Foreign relations

As the Union of South Africa, the country was a founding member of the United Nations. The then Prime Minister Jan Smuts wrote the preamble to the United Nations Charter. South Africa is one of the founding members of the African Union (AU), and has the second largest economy of all the members. It is also a founding member of the AU’s New Partnership for Africa’s Development (NEPAD).

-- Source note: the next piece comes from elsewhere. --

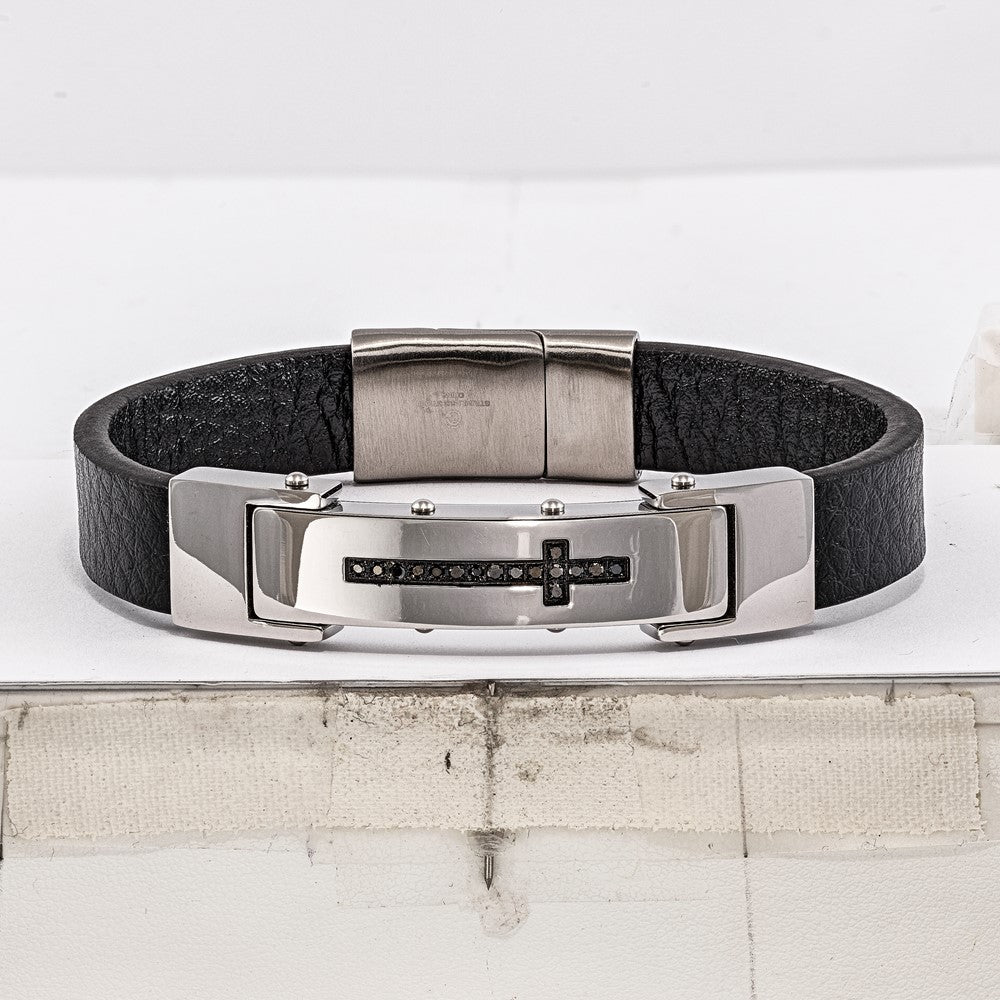 Stainless Steel Black Leather .16ct. Black Diamond Cross 8.5in Bracelet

South Africa has played a key role as a mediator in African conflicts over the last decade, such as in Burundi, the Democratic Republic of Congo, the Comoros, and Zimbabwe. After apartheid ended, South Africa was readmitted to the Commonwealth of Nations. The country is a member of the Group of 77 and chaired the organisation in 2006. South Africa is also a member of the Southern African Development Community, South Atlantic Peace and Cooperation Zone, Southern African Customs Union, Antarctic Treaty System, World Trade Organization, International Monetary Fund, G20, G8+5, and the Port Management Association of Eastern and Southern Africa.

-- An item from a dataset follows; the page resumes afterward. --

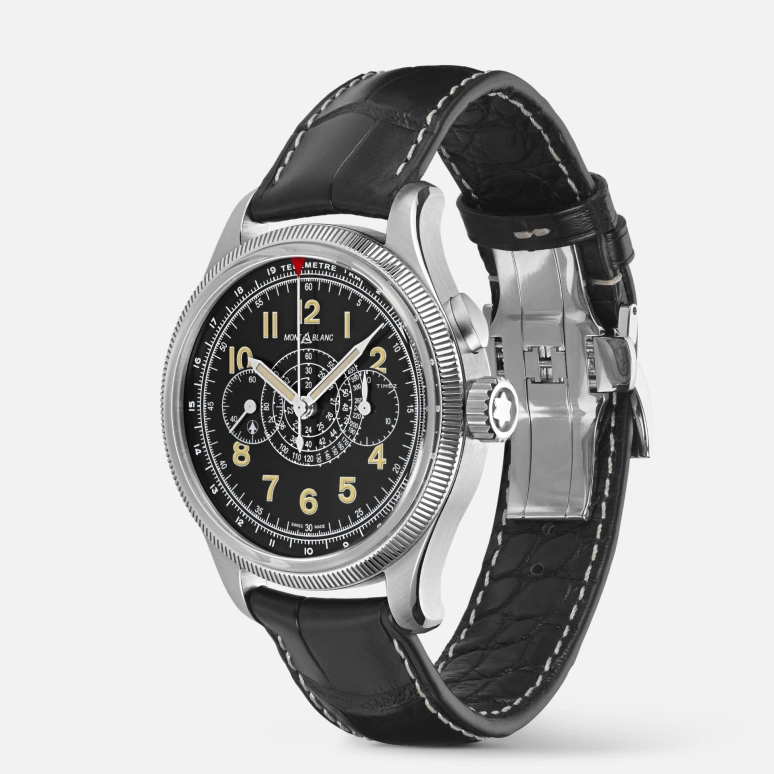 Montblanc,1858 42mm,42mm,Stainless Steel,Black,Handwound,Chronograph,55hours,MB129614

South African President Jacob Zuma and Chinese President Hu Jintao upgraded bilateral ties between the two countries on 24 August 2010, when they signed the Beijing Agreement, which elevated South Africa’s earlier “strategic partnership” with China to the higher level of “comprehensive strategic partnership” in both economic and political affairs, including the strengthening of exchanges between their respective ruling parties and legislatures. In April 2011, South Africa formally joined the Brazil-Russia-India-China (BRICS) grouping of countries, identified by President Zuma as the country’s largest trading partners, and also the largest trading partners with Africa as a whole. Zuma asserted that BRICS member countries would also work with each other through the UN, the Group of Twenty (G20) and the India, Brazil South Africa (IBSA) forum.

Military

 South African National Defence Force

The South African National Defence Force (SANDF) was created in 1994, as an all volunteer force composed of the former South African Defence Force, the forces of the African nationalist groups (Umkhonto we Sizwe and Azanian People’s Liberation Army), and the former Bantustan defence forces. The SANDF is subdivided into four branches, the South African Army, the South African Air Force, the South African Navy, and the South African Military Health Service. In recent years, the SANDF has become a major peacekeeping force in Africa, and has been involved in operations in Lesotho, the Democratic Republic of the Congo, and Burundi, amongst others. It has also served in multi-national UN peacekeeping forces such as the United Nations Force Intervention Brigade for example.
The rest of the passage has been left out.